Um ihre Forderungen zu bekräftigen, wurde im Anschluss an die Demo auf der „Kleinen Schanze“, einem Park in der Nähe des Bundeshauses, eine Zeltstadt aufgebaut. Trotz Androhung der Polizei, den Park zu räumen, waren die AktivistInnen entschlossen, den Park eine Woche lang besetzt zu halten.
Aus dem Schatten treten
Er setze viel Hoffnung in diese Aktion, erzählt ein abgewiesener Asylsuchender aus Äthiopien, Ziel sei es, die Bevölkerung über die Lage der Asylsuchenden zu informieren. „Wir wollen arbeiten, am Leben teilnehmen und der Gesellschaft etwas von uns geben“, sagt er, „ich bin nicht hierher gekommen, um mich pensionieren zu lassen, ich muss leben wie ein Mensch“. Schätzungen zufolge leben zwischen 100.000 und 300.000 Menschen ohne Aufenthaltsbewilligung in der Schweiz. Dass man es nicht genau weiß, liegt daran, dass diese Menschen gezwungen sind, im Schatten zu leben. Doch einige haben sich entschlossen, sich nicht länger zu verstecken und in die Öffentlichkeit zu gehen.
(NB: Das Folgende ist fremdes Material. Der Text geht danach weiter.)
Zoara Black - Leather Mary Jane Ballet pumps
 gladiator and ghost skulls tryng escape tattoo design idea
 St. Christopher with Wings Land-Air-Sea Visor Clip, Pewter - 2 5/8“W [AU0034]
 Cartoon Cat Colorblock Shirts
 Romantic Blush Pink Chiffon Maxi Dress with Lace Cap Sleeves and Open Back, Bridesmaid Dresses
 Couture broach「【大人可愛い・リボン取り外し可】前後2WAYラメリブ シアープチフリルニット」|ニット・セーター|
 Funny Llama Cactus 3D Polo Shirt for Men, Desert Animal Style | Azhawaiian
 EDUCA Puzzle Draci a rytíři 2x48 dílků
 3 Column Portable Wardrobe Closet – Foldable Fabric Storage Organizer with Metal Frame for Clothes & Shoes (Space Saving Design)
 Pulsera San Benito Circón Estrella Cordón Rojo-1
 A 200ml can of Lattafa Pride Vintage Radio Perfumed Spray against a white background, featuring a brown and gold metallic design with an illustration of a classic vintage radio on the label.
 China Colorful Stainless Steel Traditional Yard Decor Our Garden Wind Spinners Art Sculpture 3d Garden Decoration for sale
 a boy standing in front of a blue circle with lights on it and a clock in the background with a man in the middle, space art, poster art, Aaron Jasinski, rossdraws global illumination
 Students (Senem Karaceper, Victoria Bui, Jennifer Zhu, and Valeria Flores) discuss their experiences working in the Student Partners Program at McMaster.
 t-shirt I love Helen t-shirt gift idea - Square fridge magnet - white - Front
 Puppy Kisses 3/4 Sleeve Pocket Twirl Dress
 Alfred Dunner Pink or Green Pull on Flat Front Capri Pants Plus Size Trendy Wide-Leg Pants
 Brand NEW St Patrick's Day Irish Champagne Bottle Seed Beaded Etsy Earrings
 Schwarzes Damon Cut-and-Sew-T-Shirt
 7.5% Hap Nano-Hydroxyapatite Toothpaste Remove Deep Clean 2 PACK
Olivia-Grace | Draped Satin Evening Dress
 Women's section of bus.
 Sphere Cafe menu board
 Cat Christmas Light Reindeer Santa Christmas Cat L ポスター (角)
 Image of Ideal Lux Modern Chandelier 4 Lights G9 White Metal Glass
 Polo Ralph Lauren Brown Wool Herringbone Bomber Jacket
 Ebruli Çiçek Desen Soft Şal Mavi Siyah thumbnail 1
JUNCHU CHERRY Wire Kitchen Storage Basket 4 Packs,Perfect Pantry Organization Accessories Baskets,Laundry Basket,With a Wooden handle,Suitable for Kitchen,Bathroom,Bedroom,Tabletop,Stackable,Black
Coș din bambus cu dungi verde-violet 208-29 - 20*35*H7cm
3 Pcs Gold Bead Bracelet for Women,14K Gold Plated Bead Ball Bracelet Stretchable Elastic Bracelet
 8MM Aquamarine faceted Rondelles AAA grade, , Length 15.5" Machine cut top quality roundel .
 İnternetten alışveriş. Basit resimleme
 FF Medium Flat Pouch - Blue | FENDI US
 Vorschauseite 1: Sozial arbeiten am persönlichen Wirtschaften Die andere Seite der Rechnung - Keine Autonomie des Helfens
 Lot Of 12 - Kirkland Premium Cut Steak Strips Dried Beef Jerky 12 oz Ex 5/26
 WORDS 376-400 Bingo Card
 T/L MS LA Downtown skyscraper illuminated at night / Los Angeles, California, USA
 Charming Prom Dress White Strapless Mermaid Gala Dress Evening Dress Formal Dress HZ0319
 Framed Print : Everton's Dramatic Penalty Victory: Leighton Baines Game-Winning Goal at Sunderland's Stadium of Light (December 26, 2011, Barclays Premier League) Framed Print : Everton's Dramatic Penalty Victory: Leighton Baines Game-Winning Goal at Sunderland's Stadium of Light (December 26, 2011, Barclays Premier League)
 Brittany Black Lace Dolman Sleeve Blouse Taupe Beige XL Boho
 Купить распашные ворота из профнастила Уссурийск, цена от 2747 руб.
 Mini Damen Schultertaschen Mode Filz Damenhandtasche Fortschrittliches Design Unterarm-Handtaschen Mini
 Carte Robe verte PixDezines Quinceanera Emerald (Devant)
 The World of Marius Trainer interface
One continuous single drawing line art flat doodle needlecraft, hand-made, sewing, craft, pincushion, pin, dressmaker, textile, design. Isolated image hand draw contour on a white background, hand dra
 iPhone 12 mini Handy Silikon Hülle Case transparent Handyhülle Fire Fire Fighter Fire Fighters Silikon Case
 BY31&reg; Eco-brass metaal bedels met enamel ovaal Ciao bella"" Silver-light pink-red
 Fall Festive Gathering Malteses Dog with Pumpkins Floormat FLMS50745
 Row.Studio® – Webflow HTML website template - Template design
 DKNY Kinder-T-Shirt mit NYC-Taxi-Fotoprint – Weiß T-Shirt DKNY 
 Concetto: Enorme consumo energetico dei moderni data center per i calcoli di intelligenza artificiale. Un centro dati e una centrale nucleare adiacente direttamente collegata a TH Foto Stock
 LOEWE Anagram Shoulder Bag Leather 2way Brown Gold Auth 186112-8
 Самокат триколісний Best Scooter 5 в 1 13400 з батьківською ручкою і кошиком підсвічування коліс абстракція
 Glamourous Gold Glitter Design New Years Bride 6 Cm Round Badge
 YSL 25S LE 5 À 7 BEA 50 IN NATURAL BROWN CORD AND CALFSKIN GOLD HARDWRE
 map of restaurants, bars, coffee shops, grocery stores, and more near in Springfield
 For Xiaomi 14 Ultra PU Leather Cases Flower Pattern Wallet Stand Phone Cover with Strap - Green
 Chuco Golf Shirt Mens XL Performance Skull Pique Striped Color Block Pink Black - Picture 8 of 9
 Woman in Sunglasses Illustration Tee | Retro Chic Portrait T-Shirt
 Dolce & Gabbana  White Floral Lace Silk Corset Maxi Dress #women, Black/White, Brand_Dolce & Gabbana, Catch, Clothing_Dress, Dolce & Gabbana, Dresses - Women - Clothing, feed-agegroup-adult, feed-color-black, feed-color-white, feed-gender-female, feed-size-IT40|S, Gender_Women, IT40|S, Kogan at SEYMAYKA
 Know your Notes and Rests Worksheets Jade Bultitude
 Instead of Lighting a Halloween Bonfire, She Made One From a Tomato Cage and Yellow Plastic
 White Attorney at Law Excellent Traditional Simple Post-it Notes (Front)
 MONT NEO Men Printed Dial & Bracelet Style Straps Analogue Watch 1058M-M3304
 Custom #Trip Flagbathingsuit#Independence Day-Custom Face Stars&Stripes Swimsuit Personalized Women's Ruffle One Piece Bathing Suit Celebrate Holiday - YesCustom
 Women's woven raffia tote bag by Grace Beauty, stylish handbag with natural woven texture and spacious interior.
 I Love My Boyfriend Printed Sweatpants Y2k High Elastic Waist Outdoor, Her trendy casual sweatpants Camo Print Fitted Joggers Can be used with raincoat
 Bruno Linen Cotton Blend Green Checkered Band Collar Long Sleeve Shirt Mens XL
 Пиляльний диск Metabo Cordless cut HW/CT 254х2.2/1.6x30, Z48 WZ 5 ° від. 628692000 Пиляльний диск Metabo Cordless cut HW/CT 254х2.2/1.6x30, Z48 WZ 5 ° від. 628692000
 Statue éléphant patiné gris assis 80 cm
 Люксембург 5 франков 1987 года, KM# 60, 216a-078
„Unsere Lage ist so schlimm, so dass wir an eine Grenze gelangt sind, wo es keinen Sinn mehr macht, Angst zu haben“, sagt ein Flüchtling. „Viele Flüchtlinge haben Angst vor politischen Aktionen, sie fürchten sich vor Konfrontationen mit der Polizei. Das muss man langsam, langsam bearbeiten, damit sie den Mut gewinnen, über ihre Probleme zu erzählen“. Bis 2008 hat er gearbeitet, doch seitdem die neuen Gesetze in Kraft getreten sind, sind abgewiesene Asylsuchende nicht nur von der Sozialhilfe ausgeschlossen, sie dürfen auch nicht arbeiten. Tausende abgewiesene Asylwerber haben damit Einkommen und Wohnung verloren und sind gezwungen, in einer Notunterkunft zu leben, mit manchmal bis zu 30 Personen in einem Zimmer. Zum Überleben bekommen sie lediglich Migros-Gutscheine im Wert von 8,50 Schweizer Franken pro Tag. Die einzige andere Möglichkeit zu Geld zu kommen ist, schwarz zu arbeiten. Viele leisten auf diese Weise unentbehrliche Arbeit unter ausbeuterischen Bedingungen ohne jeglichen sozialen oder rechtlichen Schutz. Wer in eine Polizeikontrolle gerät, kann für ein bis zwei Jahre in Ausschaffungshaft landen.
Bleiberecht für alle!
Kollektive Regularisierung heißt, einer ganzen Gruppe eine Aufenthaltsbewilligung zu erteilen und nicht nur in Einzelfällen. „Regularisierung bedeutet, diese Menschen zu entkriminalisieren und ihnen einen Rechtsstatus zu verleihen“, erklärt eine Aktivistin, „damit sie sich frei bewegen können und auch das Recht haben, vor Gericht zu gehen, wenn sie z.B. um ihren Lohn betrogen werden“. Der Aufenthaltstitel soll auch nicht an einen Arbeitsvertrag gebunden sein. Doch Bedingungen formulieren will die Bewegung nicht, wichtig ist für die Beteiligten vor allem, sich nicht auseinanderdividieren zu lassen und auf eine gemeinsame Lösung für alle zu bestehen. Was auf politischer Ebene folgt, ist offen.
Was konnte mit der Aktion erreicht werden?
Den Beteiligten an der Aktion ist klar: Eine Änderung der Migrationspolitik kann nicht mit einer einmalige Aktion herbeigeführt werden. Immerhin konnte erreicht werden, dass die Bevölkerung für die Problematik sensibilisiert wurde. Allein in der Aktionswoche erschienen über 40 Artikel und Berichte in den Medien, welche die Forderung nach einer kollektiven Regularisierung thematisiert haben, so dass jetzt viel mehr Menschen über die Lebenssituation der Sans Papiers in der Schweiz Bescheid wissen. Flüchtlinge und ihre UnterstützerInnen hatten Gelegenheit, Erfahrungen auszutauschen und sich zu vernetzen. Damit die „große Chance auf der Kleinen Schanze“, wie sie von einem Betroffenen bezeichnet wurde, wirkungsvoll genützt werden kann, darf der Druck aber nicht nachlassen, sondern muss noch verstärkt werden.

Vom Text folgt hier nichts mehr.